The gun issue in America is an impossible one.  They've got to the point where every time there's a massacre it just spurs more people to arm themselves for their own "protection".  They would say if only one or two members of the audience or door security staff at the Bataclan had been "carrying", the terrorists could have been stopped.  But of course the more guns are in general circulation, the more end up in evil hands.  I would hate to live there!  When I say Obama has been weak, I mean he managed to achieve very little of his promised domestic policies, though as you say this was largely due to Republican senators blocking everything.  However, he has also not provided strong leadership re US foreign policy.


----------



## robert@fm (Dec 9, 2015)

I remember being on a forum where a US gun nut (sorry, to my mind there's no other term) was spouting his usual rubbish about we in the UK having been "deprived" of our "right" to bear arms (he was too dumb to realise that the "right to bear arms" is a uniquely American phenomenon arising from its pioneer past, and that you can't be "deprived of" something which you never had to begin with) — and supported his view by linking to a statistics page on a pro-gun site, giving a comparison for one year (I think it was 1997). The page in question showed that in that year, the US population was only 4 times that of the UK, but the rate of gun crime was 20 times (in other words, proportionally 5 times as much per capita); and both the site owner and the guy who posted the link reckoned that this was a strong argument _against_ gun control, although I for one can't imagine a much stronger argument _for_ it.


----------



## Mark T (Dec 9, 2015)

zuludog said:


> The difference between a Yorkshireman and a Muslim is that the Koran advocates domination, intolerance and violence. It is an inherent part of Islam


Did you just copy that from somewhere or can you prove that?
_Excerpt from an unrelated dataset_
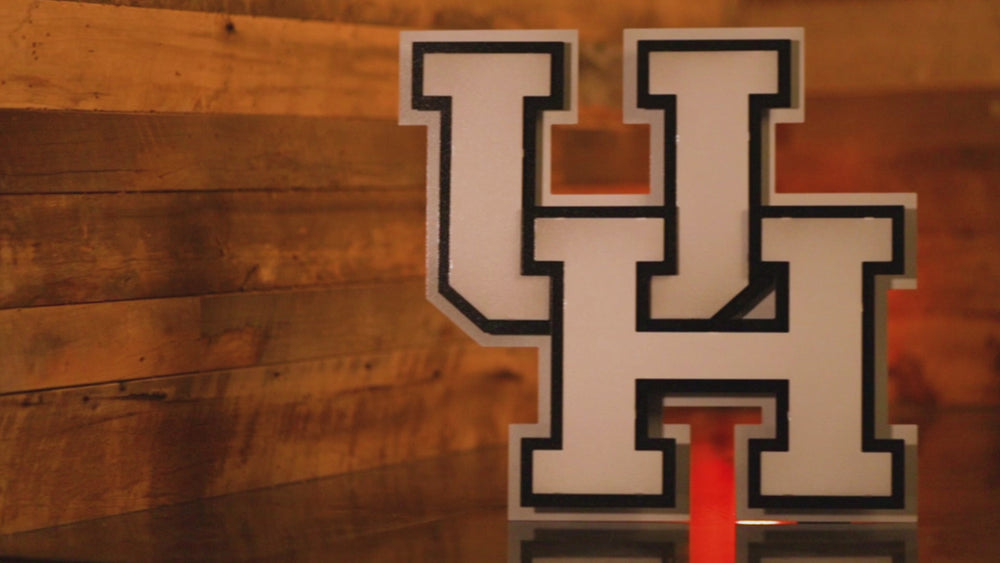 MONOCHROME -- Houston Cougars Interlocking "UH" 3D Metal Wall Art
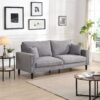 Modern Upholstered Resilience Three Seater Sofa, Comfy Wooden Frame - Light Gray - Image 4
Islam is an Abrahamic religion just like Christianity (referring to the fact it has common origins).  If your statement is true for Islam then probably true for the others also.


----------



## HOBIE (Dec 9, 2015)

zuludog said:


> I'm sure that if you could talk to the terrorists they would reply in no uncertain terms that they most definitely are Muslims
> 
> The difference between a Yorkshireman and a Muslim is that the Koran advocates domination, intolerance and violence. It is an inherent part of Islam


What makes people of any religion "KILL" people. The case of Lee Rigby. The unarmed soldier in a parade who was barbarically cut down.


----------



## AlisonM (Dec 9, 2015)

Large chunks of the Bible (old testament) and the Koran came from the Torah and the teachings of Judaism, in that at least they have a lot in common and are full of gems such as "if thine eye offend thee, pluck it out". You can find just about anything in them to justify any position you care to assume and, the Koran does indeed advocate the killing of non-muslims (I've read it). But the majority of muslims are as peace-loving as the rest of us, they just want to get on with their lives unmolested, just like the rest of us. Most of the deluded people who get dragged into these actions have no clue what their leaders actually want, if they even know who their real leaders are. For those in charge it's about power... money and power, that's it. The idiot with the gun, bomb or knife is a patsy, nothing more.

As for Mr Chump, he's dangerous as has been said, only because he's after the most powerful position in the world and God help us all if he succeeds.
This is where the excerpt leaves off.